**Available data**

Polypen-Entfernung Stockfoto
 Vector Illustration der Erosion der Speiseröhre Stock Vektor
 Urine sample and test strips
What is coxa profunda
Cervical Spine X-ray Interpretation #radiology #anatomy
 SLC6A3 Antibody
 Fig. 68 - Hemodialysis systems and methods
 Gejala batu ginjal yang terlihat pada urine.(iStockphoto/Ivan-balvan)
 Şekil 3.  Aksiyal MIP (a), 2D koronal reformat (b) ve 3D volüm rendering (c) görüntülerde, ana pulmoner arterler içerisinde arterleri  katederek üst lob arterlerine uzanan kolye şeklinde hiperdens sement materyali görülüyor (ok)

---

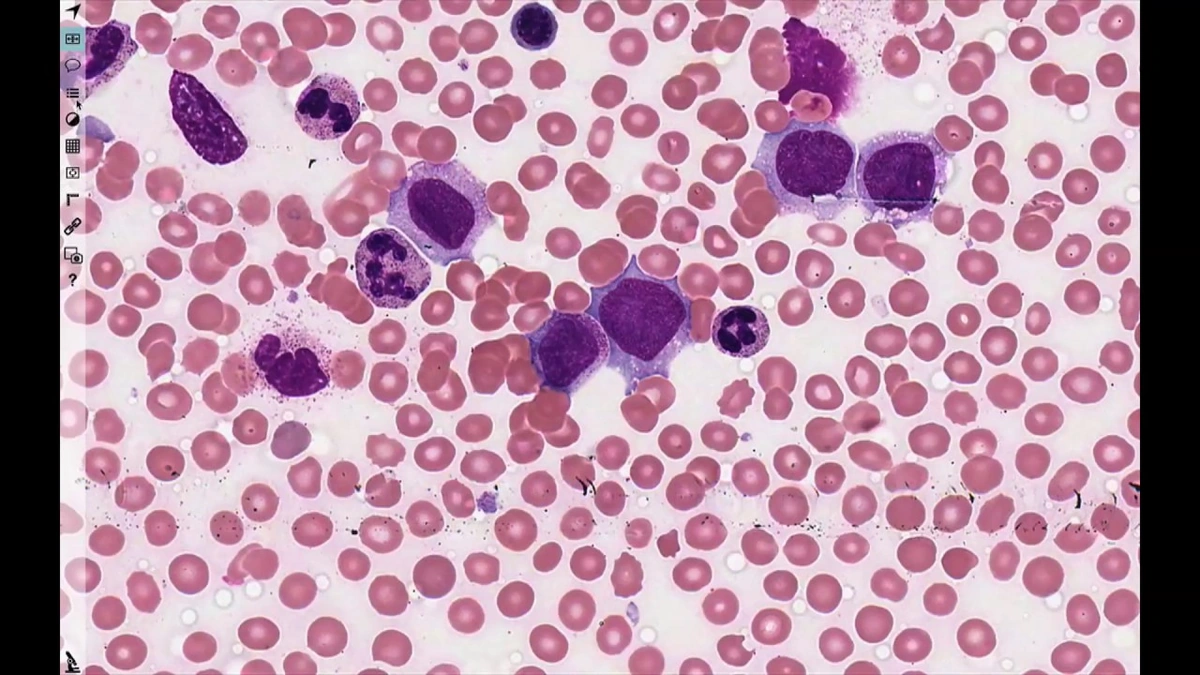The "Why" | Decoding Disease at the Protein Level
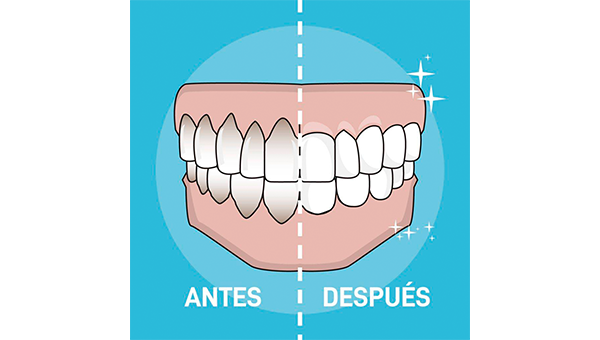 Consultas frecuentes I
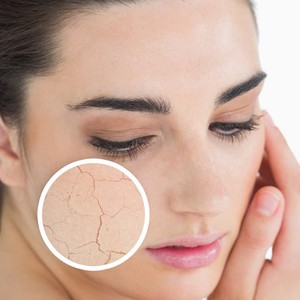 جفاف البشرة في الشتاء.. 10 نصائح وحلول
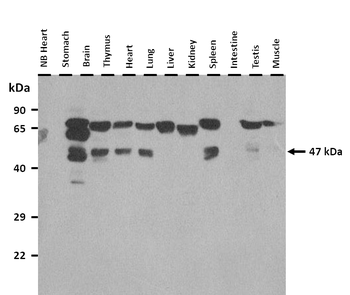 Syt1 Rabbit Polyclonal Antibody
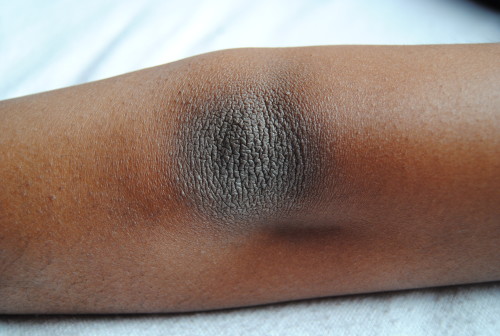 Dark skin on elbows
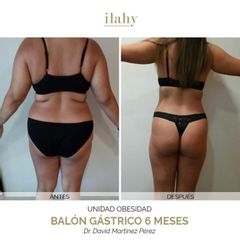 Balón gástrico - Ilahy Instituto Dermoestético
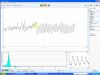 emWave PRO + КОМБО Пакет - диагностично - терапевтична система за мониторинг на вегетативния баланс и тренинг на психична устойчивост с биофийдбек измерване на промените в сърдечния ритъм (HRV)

**Your task**
Reproduce exactly the section above that begins at the line containing "Polypen-Entfernung Stockfoto" and ends at the line containing "materyali görülüyor (ok)", leaving out all other lines.

**Answer space**
Polypen-Entfernung Stockfoto
 Vector Illustration der Erosion der Speiseröhre Stock Vektor
 Urine sample and test strips
What is coxa profunda
Cervical Spine X-ray Interpretation #radiology #anatomy
 SLC6A3 Antibody
 Fig. 68 - Hemodialysis systems and methods
 Gejala batu ginjal yang terlihat pada urine.(iStockphoto/Ivan-balvan)
 Şekil 3.  Aksiyal MIP (a), 2D koronal reformat (b) ve 3D volüm rendering (c) görüntülerde, ana pulmoner arterler içerisinde arterleri  katederek üst lob arterlerine uzanan kolye şeklinde hiperdens sement materyali görülüyor (ok)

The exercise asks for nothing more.